» **EXERCISE INPUT**:
______________________________

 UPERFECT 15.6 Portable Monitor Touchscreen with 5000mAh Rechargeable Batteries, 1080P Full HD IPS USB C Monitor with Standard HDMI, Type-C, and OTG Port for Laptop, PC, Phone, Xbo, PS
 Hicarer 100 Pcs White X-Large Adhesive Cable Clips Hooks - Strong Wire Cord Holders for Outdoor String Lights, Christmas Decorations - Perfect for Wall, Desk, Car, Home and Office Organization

______________________________

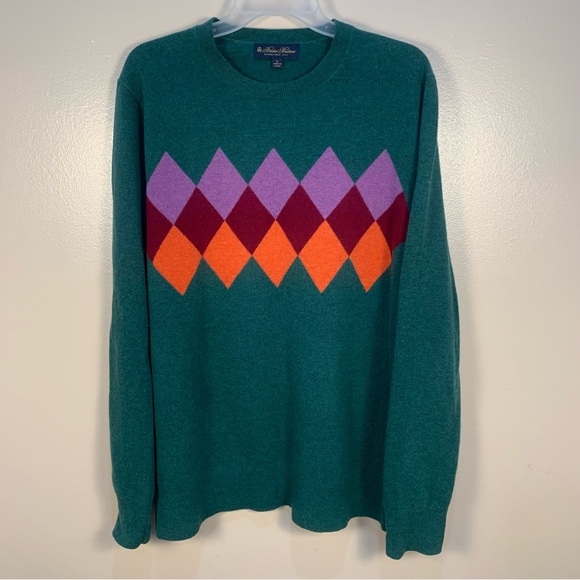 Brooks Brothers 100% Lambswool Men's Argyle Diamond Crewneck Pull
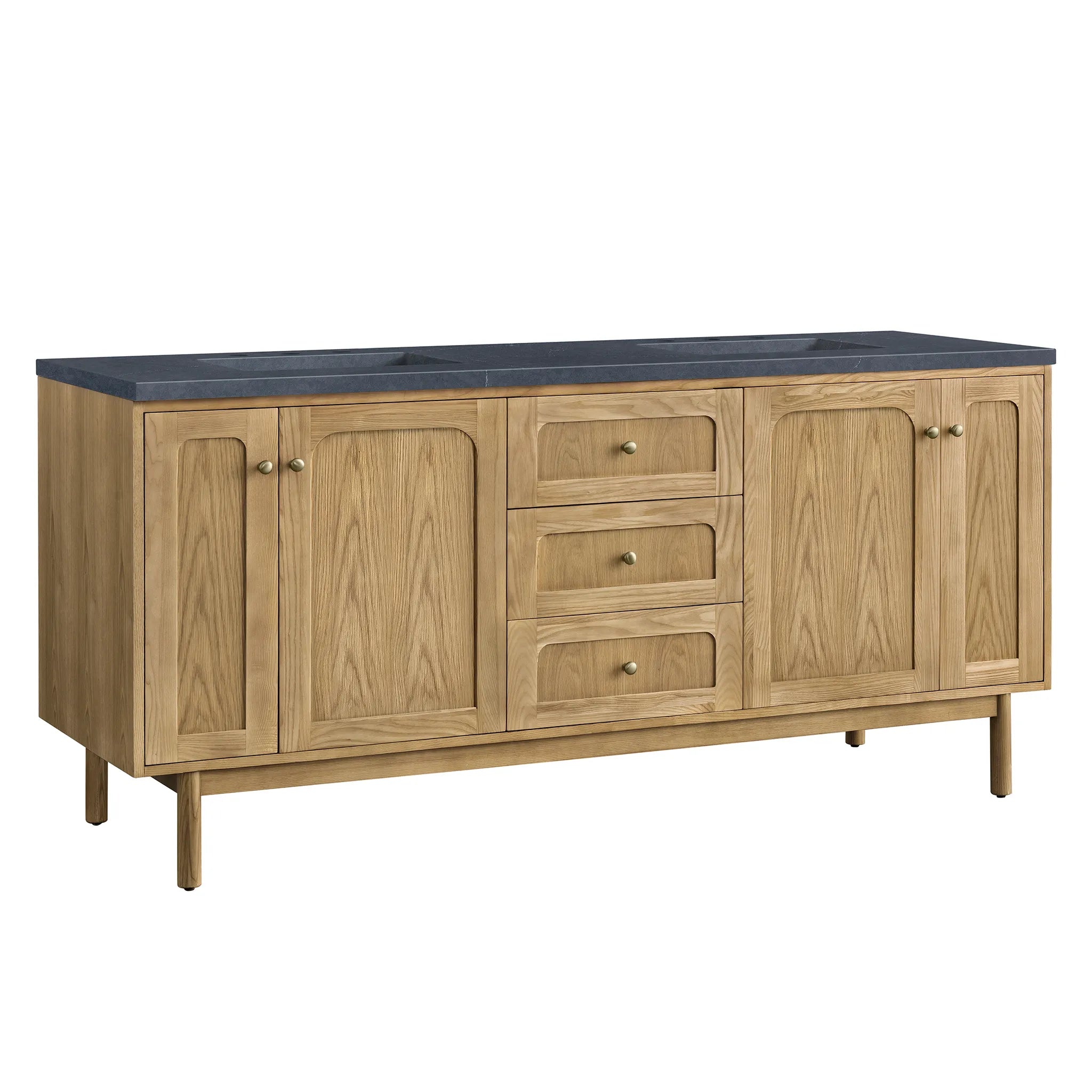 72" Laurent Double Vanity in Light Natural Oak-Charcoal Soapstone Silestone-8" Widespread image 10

______________________________

» **PROBLEM TO SOLVE**: Those lines of the records above that run from the one containing "Brooks Brothers 100%" through the one containing "Widespread image 10" should be returned exactly, with no pictures among them.

» **WORKED SOLUTION**:
 Brooks Brothers 100% Lambswool Men's Argyle Diamond Crewneck Pull
 72" Laurent Double Vanity in Light Natural Oak-Charcoal Soapstone Silestone-8" Widespread image 10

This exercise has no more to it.